I have a corpus of synonyms and non-synonyms. These are stored in a list of python dictionaries like {"sentence1": <string>, "sentence2": <string>, "label": <1.0 or 0.0> }
. Note that this words (or sentences) do not have to be a single token in the tokenizer.
I want to fine-tune a BERT-based model to take both sentences like: [[CLS], <sentence1_token1>], ...,<sentence1_tokenN>, [SEP], <sentence2_token1>], ..., <sentence2_tokenM>, [SEP]]
and predict the "label" (a measurement between 0.0 and 1.0).
What is the best approach to organized this data to facilitate the fine-tuning of the huggingface transformer?
You can use the Tokenizer __call__
method to join both sentences when encoding them.
In case you're using the PyTorch implementation, here is an example:
import torch
from transformers import AutoTokenizer
sentences1 = ... # List containing all sentences 1
sentences2 = ... # List containing all sentences 2
labels = ... # List containing all labels (0 or 1)

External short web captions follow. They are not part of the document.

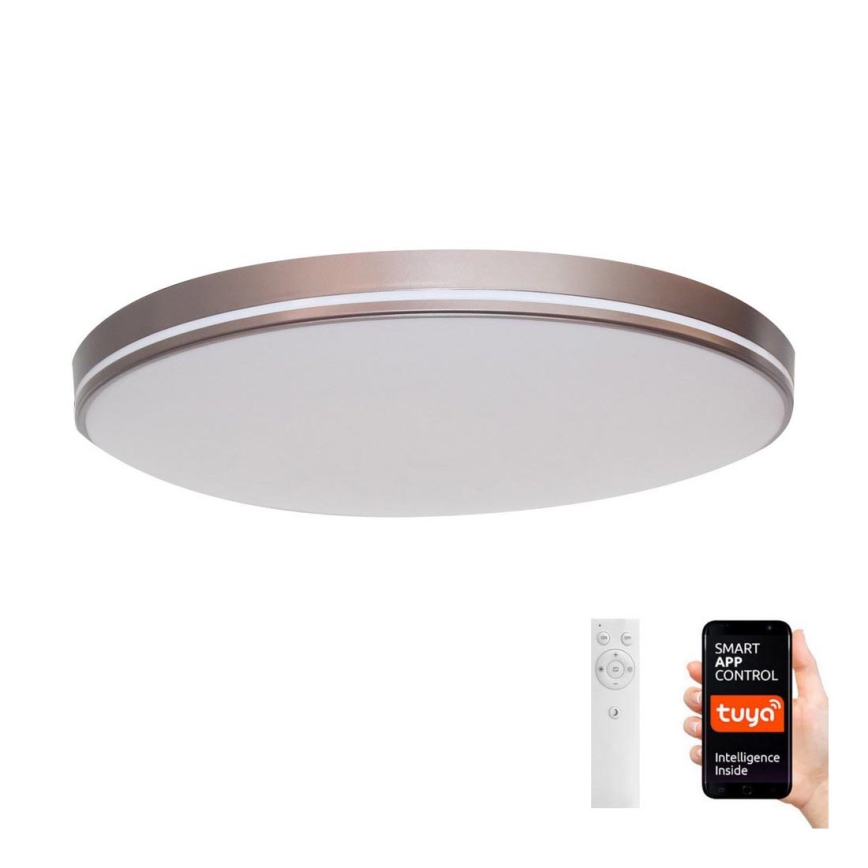 Immax NEO 07150-C40 - Plafón LED regulable NEO LITE AREAS LED/24W/230V Tuya Wi-Fi marrón + mando a distancia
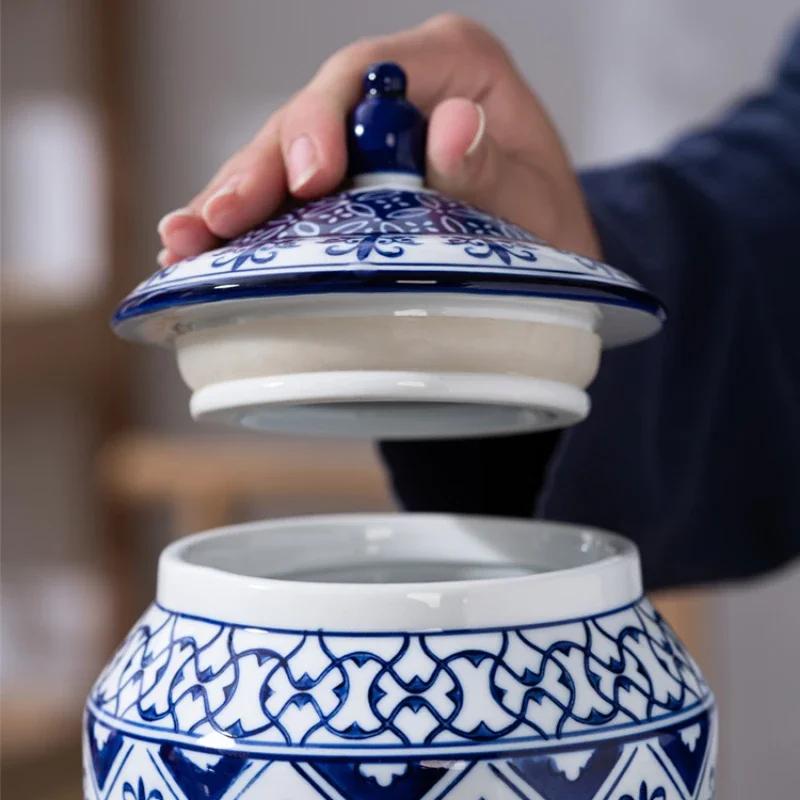 Achtkante Blauw Witte Jingdezhen Porseleinen Pot Keramische Opslag Thee En Snacks Container Elegante Display Huis Keukengerei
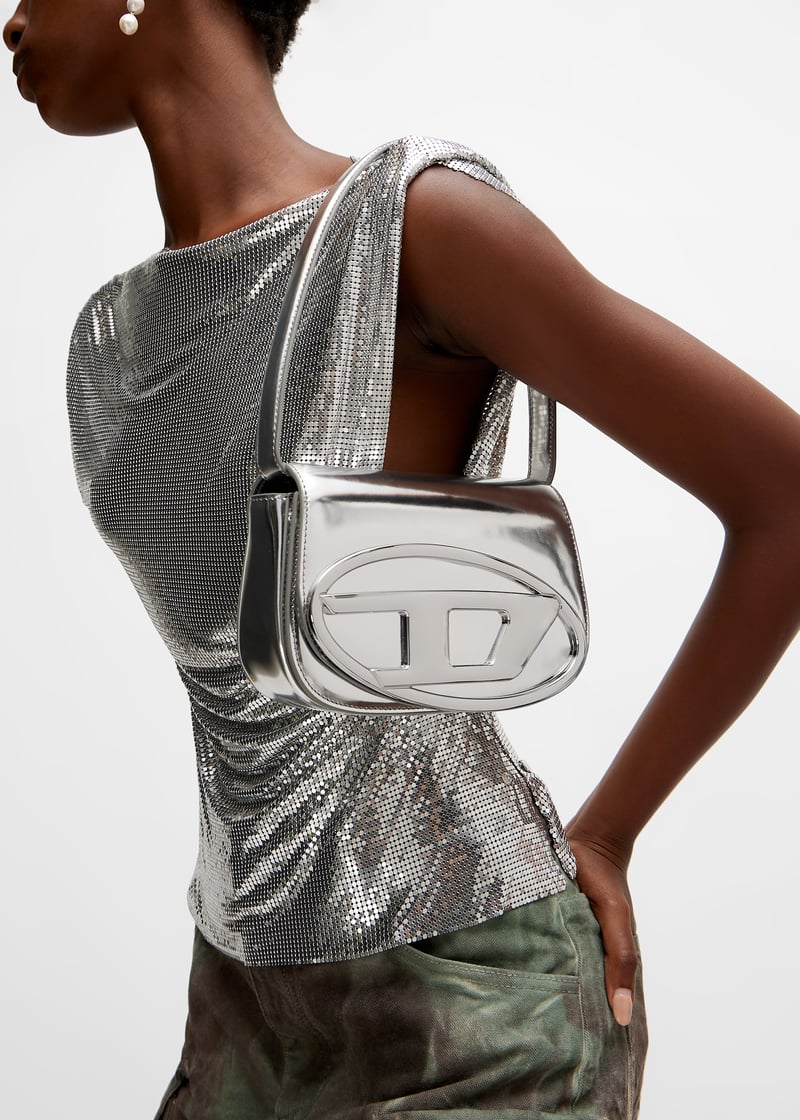 ★DIESEL★ 1DR Shoulder Bag Silver X08396PS202H0535 X08396PS Women's 1DR-Iconic shoulder bag with mirror effect | Silver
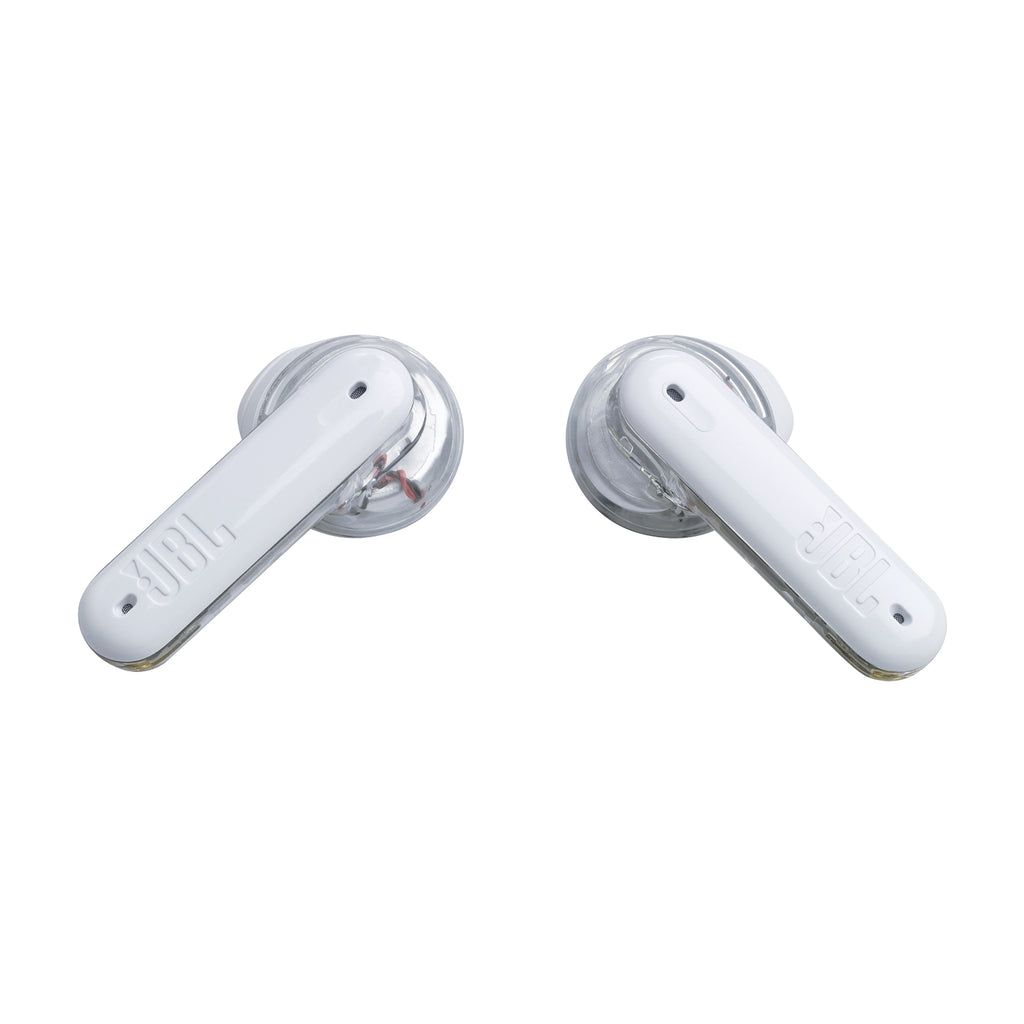 JBL Tune Flex Ghost Edition Casque True Wireless Stereo (TWS) Ecouteurs Appels/Musique Bluetooth Translucide, Blanc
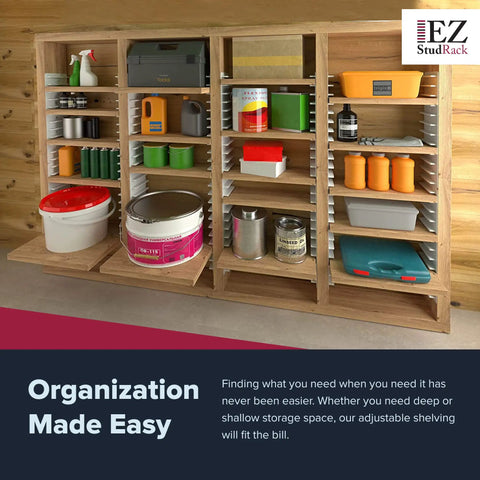 Made In USA Eight Pack Adjustable Shelf Brackets For One Row Storage Built For DIY Shelves You Supply The Wood For A Custom Fit Shelving System That Keeps Items Visible And Easy To Access in a wooden setup with various stored items.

TOKENIZER_NAME = "bert-base-cased"
tokenizer = AutoTokenizer.from_pretrained(TOKENIZER_NAME)
encodings = tokenizer(
sentences1,
sentences2,
return_tensors="pt"
)
labels = torch.tensor(labels)
Then you can create your custom Dataset to use it on training:
class CustomRealDataset(torch.utils.data.Dataset):
def __init__(self, encodings, labels):
self.encodings = encodings
self.labels = labels
def __getitem__(self, idx):
item = {key: value[idx] for key, value in self.encodings.items()}
item["labels"] = self.labels[idx]
return item
def __len__(self):
return len(self.labels)